Daisy Quezada Ureña is visual artist and educator based in Santa Fe, New Mexico. Within her practice she creates ceramic works and installations that speak to identity and place in relation to social structures that cross between imposed borders. Quezada Ureña has worked alongside nonprofit organizations like El Otro Lado/The Other Side and Downtown Aurora Visual Arts which impact local communities by bringing art to youth. In 2016 Quezada cofounded Present Cartographers, a collective invested in artists working within the theme of immigration, recently launching Terreno: Borderland Linguistics and bosque brotante. Quezada Ureña’s work has been exhibited nationally and internationally at The Denver Art Museum, Summerhall (Edinburg, Scotland), New Taipei City Yingge Ceramics Museum (New Taipei Taiwan), Gyeonggi Ceramic Art Museum (Icheon South Korea), the Hubei Institute of Fine Arts (Hubei Province, Wuhan, China), and Wheelright Museum of American Indian. At the Institute of American Indian Arts she is a faculty member and Department Chair of the Studio Arts program.

Moderator

Matthew Contos serves as an educator, artist, and curator of public engagement, working with various artists, groups, spaces, and organizations to establish collaborative platforms and initiatives that supplement cultural exchange, lifelong learning, and ecological stewardship. Contos combines his background in curatorial and artistic practices with his experience in community organizing and social services to implement social centers, international collaborations, exhibitions, publications, and diverse public programming.

Contos explores the transformational powers of artistic and curatorial strategies to resist static relationships and generate projects that produce more equitable, dynamic sites for cultural exchange where individuals interact, and new collective cultures emerge. His practice is guided by context, drawing from the sites, histories, communities, and diverse vantage points of those who have a stake in the project’s production and impact. Contos brings unlikely partners together to expand the constraints of the status quo and reduce the consequences of widening global inequalities and climate change. His projects take on many forms and vary in scale, from intimate encounters in art centers to city-wide events and multidisciplinary exhibitions.

Contos is currently the Director of Creativity and Learning at SITE Santa Fe and holds an MFA in Social Practice from California College of the Arts and a BFA in Studio Art from the University of Denver. He has worked within the art community for organizations nationwide, such as Creative Capital, The Center of Contemporary Arts Santa Fe, and the San Francisco Public Arts Commission.
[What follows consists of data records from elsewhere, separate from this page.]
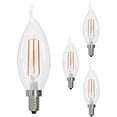 thumbnail image 1 of Diodesy- Pack of 4 LED5CA10/30K/FIL/4/JA8 LED Flame Tip Chandelier Light Bulb, Fully Compatible Dimming, 5W (60 Watt Equiv), 3000K Soft White, Dimmable, 500 Lumens, CA10 For Ceiling Fan Lights/Pendant, 1 of 9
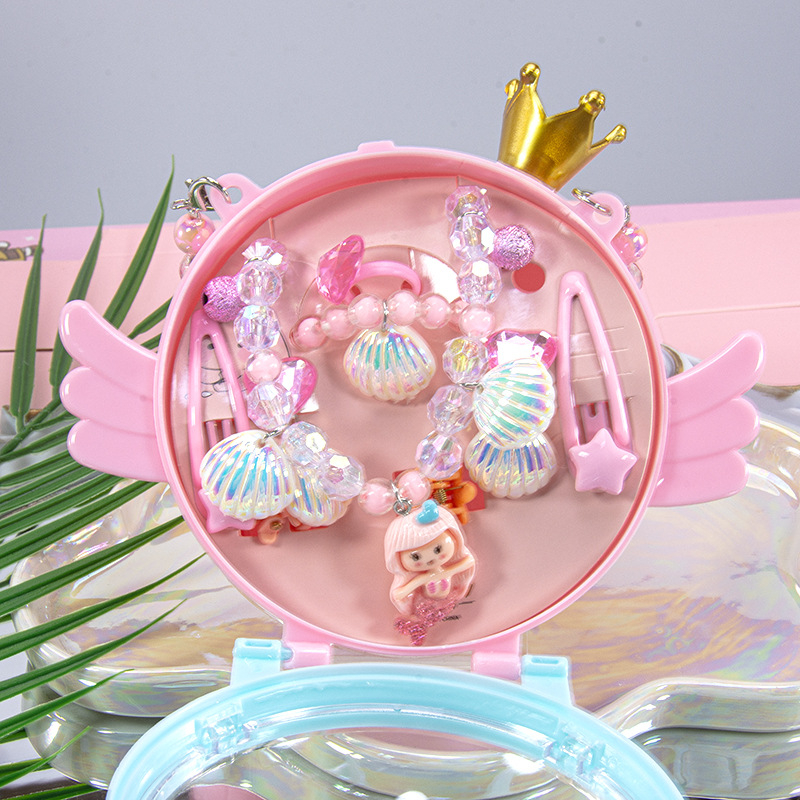 Vaikų kaklo grandinių komplektas su undinėlės pakabuku, angelų sparnais ir Princesių serija – rankų darbo akriliniai papuošalai vaikams, amžius 3–10 metų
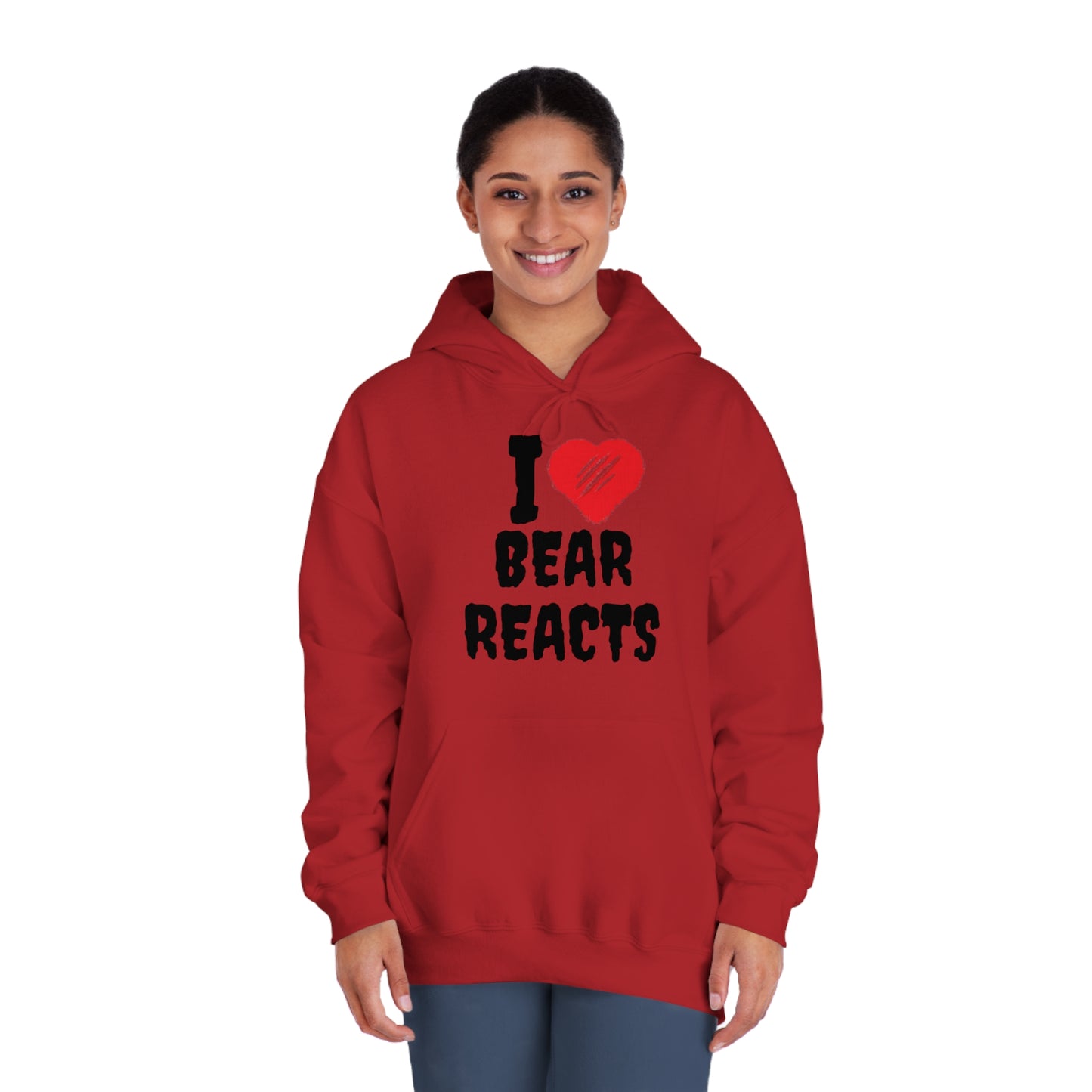 I Love Bear Reacts Cozy Hoodie (Clawed Bear Heart)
About Desierto Mountain Time

Desierto Mountain Time is a constellation of contemporary arts organizations in the Southwestern United States and Northern Mexico making meaningful connections between local and international arts communities. Spurring conversations across the Chihuahuan, Sonoran, and High Deserts, Desierto Mountain Time shines a light on the vital, interconnected arts of our region, as well as the rich political, social, economic, and environmental dialogues they contain.